I can actually remember having to live with wolves.  I have no idea what kind of crack the U.S. was on, but they had me literally living with a pack of wolves.  Not like normal dogs or kennel dogs--wolves.  I don't know how long it was for, but it was before I was 3 years old.  Something like that, and I had no one to communicate with but wolves.  I remember crawling around with wolves and imitating them because I was trying to imitate what living mammals I was around.  http://www.youtube.com/watch?v=booKP974B0k
I'd like to know why Colombia seems to know so much about what's been done to me.

However, the wild tiger in Africa, was a Secret Service attempt to murder me.  It was not the only time they had an organized hit on me, but they really preferred this whole "accidental" thing.  I know this was after I had killed a bear in Idaho and some of the men were upset I asked why they had run away  when I ran to it and killed it, and why were they just going to leave me there.  They were far enough ahead of me, had I run from that bear, it could have chased me and I'd have been the first one it caught and contented itself with.

On a Dicksies part, I think she was mad about my remembering cutting on me with knives, into my skin, or maybe pedophilia.

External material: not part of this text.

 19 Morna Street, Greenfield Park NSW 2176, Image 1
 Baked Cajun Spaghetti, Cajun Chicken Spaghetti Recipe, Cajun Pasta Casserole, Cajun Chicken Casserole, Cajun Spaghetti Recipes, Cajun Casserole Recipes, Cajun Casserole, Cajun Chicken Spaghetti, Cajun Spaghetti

It makes me wonder if I was kidnapped from someone and used as bait my entire life, like revenge for my parents first baby dying or something.  Like, someone knew who killed Gannon, so someone somehow acquired a baby THEY could torture that was connected to someone they wanted revenge against and then they tortured me my entire life out of an attempt to "get back" and extort people to do things for the CIA.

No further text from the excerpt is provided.